* _ASSIGNMENT_
Using the records below, give again exactly the lines from the line that contains "Toilet, small wood-look" through the line that contains "BCBGMaxAzria designer Navy", both ends included, and only those.

* _EXTRACTED ENTRIES_
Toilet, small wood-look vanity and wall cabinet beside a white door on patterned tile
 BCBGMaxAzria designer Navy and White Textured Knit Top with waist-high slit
==
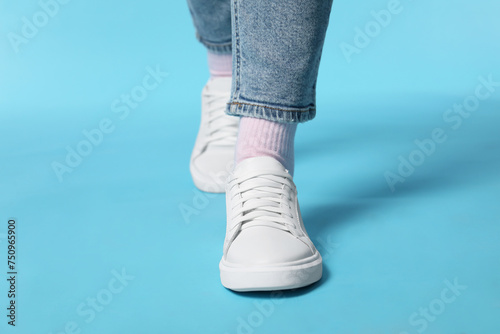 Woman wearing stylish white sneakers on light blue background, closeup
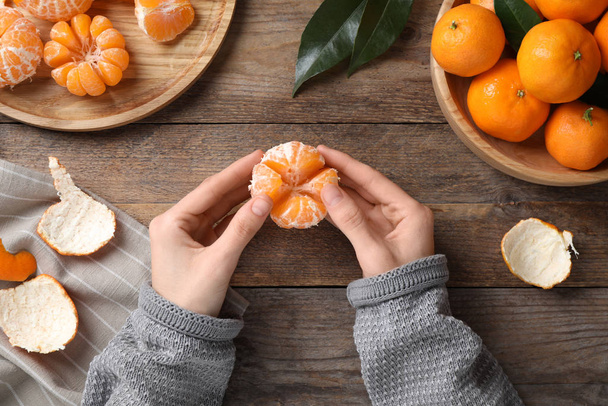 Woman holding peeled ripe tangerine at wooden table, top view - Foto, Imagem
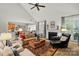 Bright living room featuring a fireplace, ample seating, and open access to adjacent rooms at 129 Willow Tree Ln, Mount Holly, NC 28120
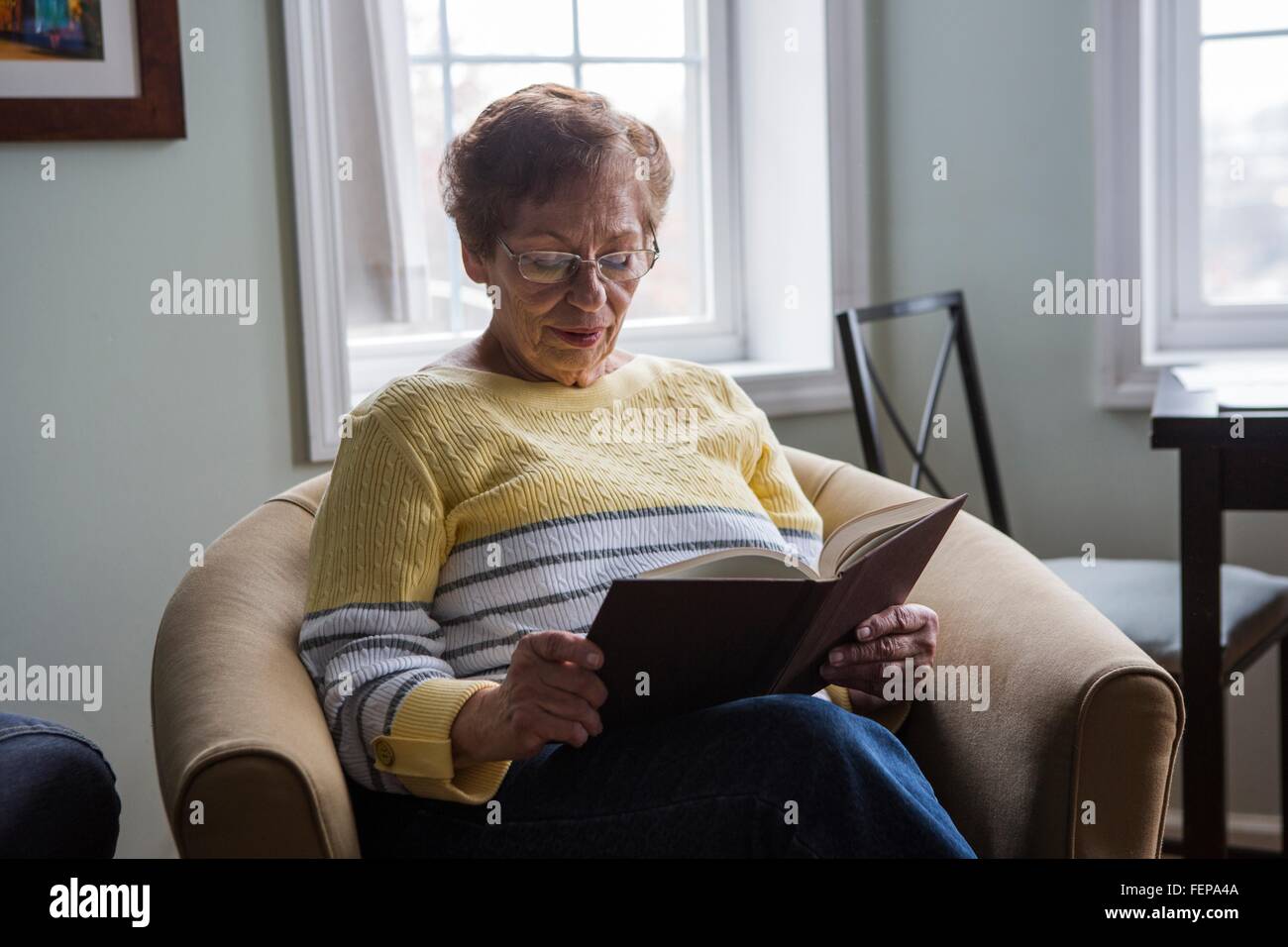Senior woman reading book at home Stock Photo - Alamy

* _ANSWER SPACE_
Toilet, small wood-look vanity and wall cabinet beside a white door on patterned tile
 BCBGMaxAzria designer Navy and White Textured Knit Top with waist-high slit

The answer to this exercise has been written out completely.